Dataset excerpt:
________________
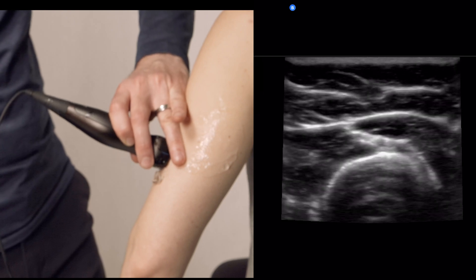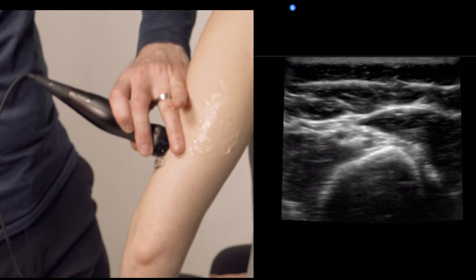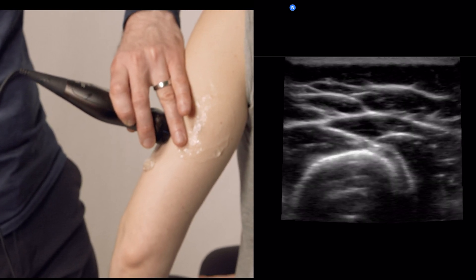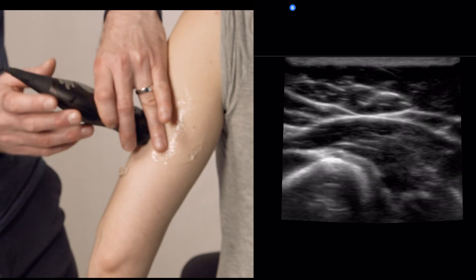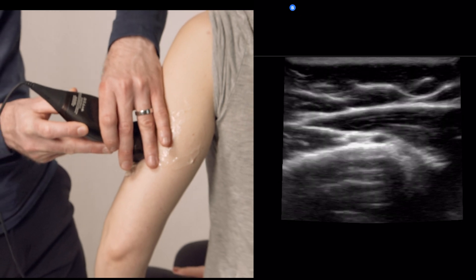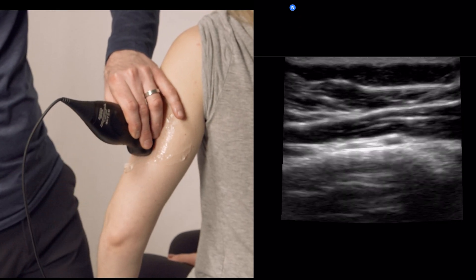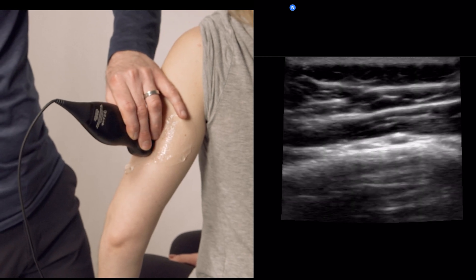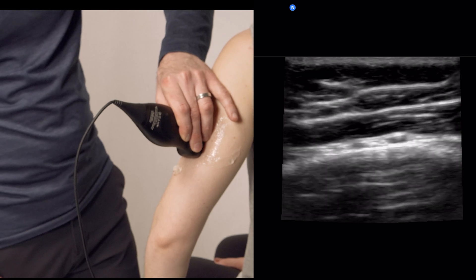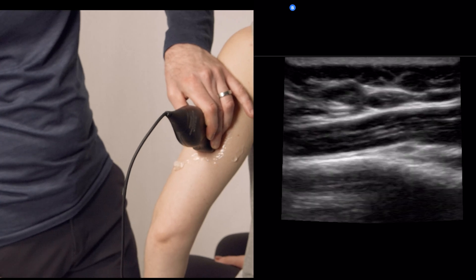Now that we've localized the nerve, we can see it here along with several vessels. We're going to follow these structures. The trick is to follow this in short axis. At this point we are right on the humerus at the spiral groove, and this is where you're going to find most of your pathology. So we're going to follow this along.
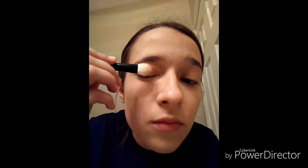What I'm going to do today is use a brighter color. I'm going to use the color Strive, and you'll see that it's a brighter pink, so what I prefer to do is just lightly brush it on.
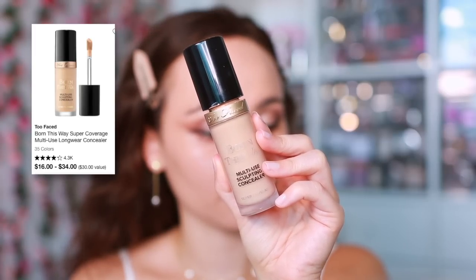For under-eye concealer I'm using one of my all-time favorites, the Too Faced Born This Way concealer — great coverage, looks smooth. I don't want too much under the eyes since we don't want it thick or heavy, but I'm putting a little extra on the cheeks. To make the look more cohesive I like taking excess concealer and applying it to the center of the face and cheek area so the concealer blends fluidly into the makeup. I'm pressing it in with the sponge and using a brush to get into creases and crevices.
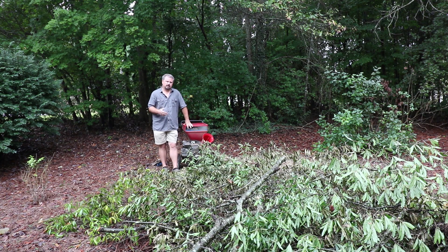Welcome to HortTube. My name is Jim Putnam. In today's video, I'm going to be using my chipper to chip up some of the limbs and brush where I've been pruning off some other plants. I'll link the videos where I've been pruning up in the corner of this video. I'm going to show you at the end how I make chips with my wood chipper.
________________
Exercise prompt:
Exact transcription of the full listing above is required; images do not belong in it.

Reply to the exercise:
Now that we've localized the nerve, we can see it here along with several vessels. We're going to follow these structures. The trick is to follow this in short axis. At this point we are right on the humerus at the spiral groove, and this is where you're going to find most of your pathology. So we're going to follow this along.
What I'm going to do today is use a brighter color. I'm going to use the color Strive, and you'll see that it's a brighter pink, so what I prefer to do is just lightly brush it on.
For under-eye concealer I'm using one of my all-time favorites, the Too Faced Born This Way concealer — great coverage, looks smooth. I don't want too much under the eyes since we don't want it thick or heavy, but I'm putting a little extra on the cheeks. To make the look more cohesive I like taking excess concealer and applying it to the center of the face and cheek area so the concealer blends fluidly into the makeup. I'm pressing it in with the sponge and using a brush to get into creases and crevices.
Welcome to HortTube. My name is Jim Putnam. In today's video, I'm going to be using my chipper to chip up some of the limbs and brush where I've been pruning off some other plants. I'll link the videos where I've been pruning up in the corner of this video. I'm going to show you at the end how I make chips with my wood chipper.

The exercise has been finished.